ABOUT THIS EXERCISE
Every line below is to be given again precisely; images are to be left out.

DATA BLOCK
##########
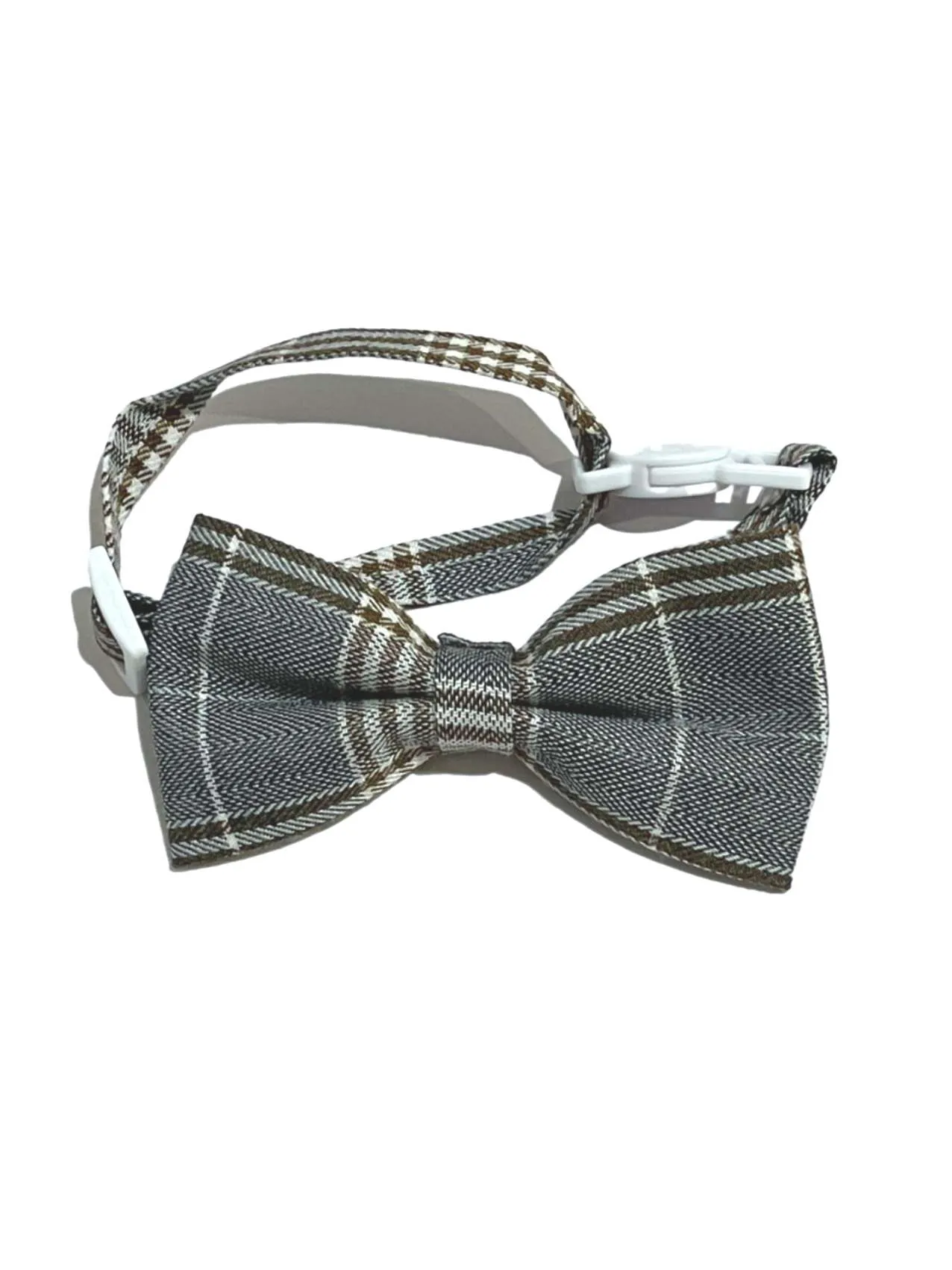Cat Formal Bow Tie - Grey Plaid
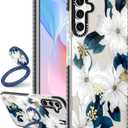 Boaretiu Cute Kawaii for Samsung Galaxy A16 Case with Stand - Fashion Cool 360 Rotate Ring Holder Kickstand Blue Flower for Women Girls Boys Teens Girly for Galaxy A16 Case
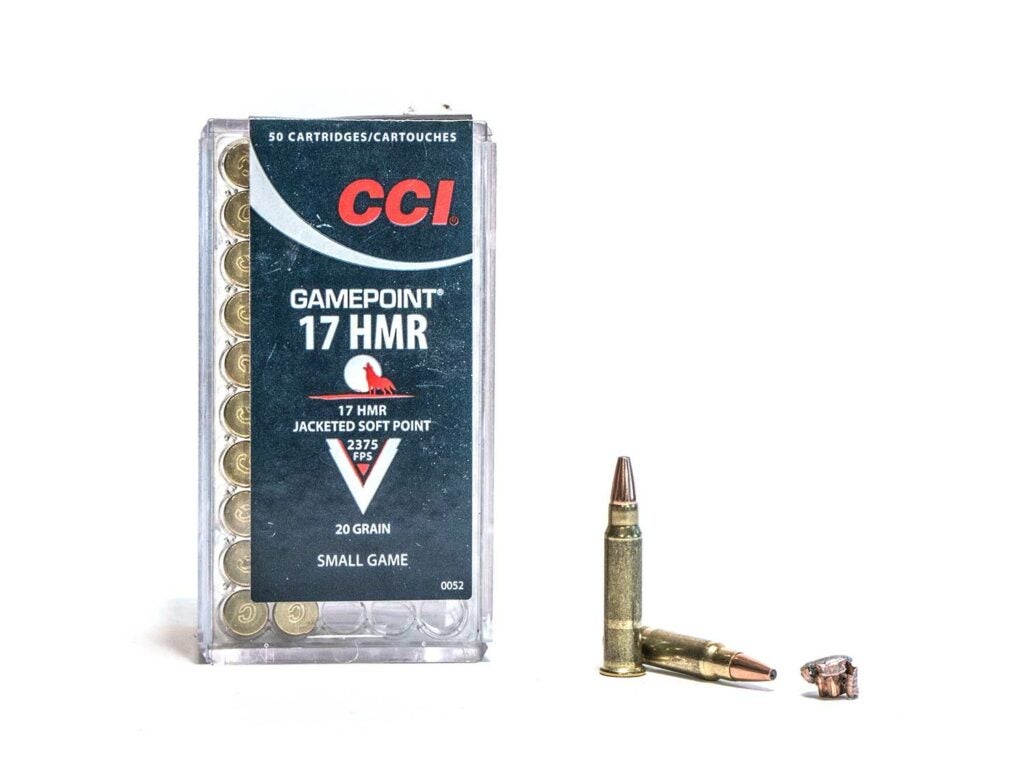 A box of CCI GamePoint 17 HMR ammo on a white background.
##########
RESPONSE AREA
Cat Formal Bow Tie - Grey Plaid
 Boaretiu Cute Kawaii for Samsung Galaxy A16 Case with Stand - Fashion Cool 360 Rotate Ring Holder Kickstand Blue Flower for Women Girls Boys Teens Girly for Galaxy A16 Case
 A box of CCI GamePoint 17 HMR ammo on a white background.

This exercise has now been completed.